Posted on 10/28/2005 1:38:17 AM PDT by Crackingham

Exxon Mobil, the world's largest oil company, said yesterday that its third-quarter net income jumped 75 percent, to $9.92 billion. Its profit in the first nine months of this year - $25.42 billion - already equals its full-year earnings for 2004. This year's sales, which topped $100 billion in the last quarter, are expected to exceed those of Wal-Mart.

Another oil giant, Royal Dutch Shell, reported a 68 percent jump in profits yesterday, to $9.03 billion. Chevron is expected to post a profit of more than $4 billion today.

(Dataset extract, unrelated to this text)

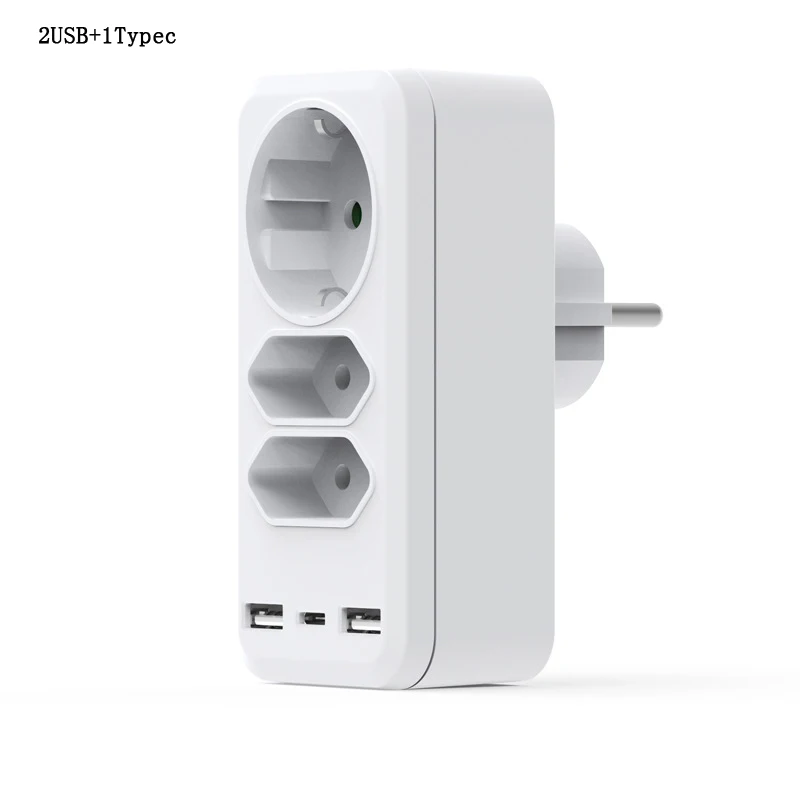 

Европейский USB-адаптер для розетки, многопортовый конвертер с одним поворотом и тремя розетками в европейском стиле, многофункциональная н...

This year is shaping up as an exceptionally lucrative one for the oil industry, thanks to strong global demand, tight supplies and high prices for oil and natural gas. While the idea that the Bush administration was considering imposing a windfall profits tax was knocked down yesterday by officials, longstanding resentments against Big Oil are resurfacing and could end up imposing some additional burdens on the industry.

SNIP

Today, Republicans and Democrats alike, aware of the politically sensitive issue of high energy prices, are putting increasing pressure on the oil and gas industry to return some of its profits. The ideas include forcing the industry to invest in more refining capacity or to increase inventories to cushion energy shocks.

SNIP

Senator Bill Frist, the Republican leader, said yesterday that executives of major oil companies will be summoned to Capitol Hill to testify about high energy prices. Some of Mr. Frist's language harked back to the 1970's and early 1980's when cries of price gouging at gasoline pumps were common.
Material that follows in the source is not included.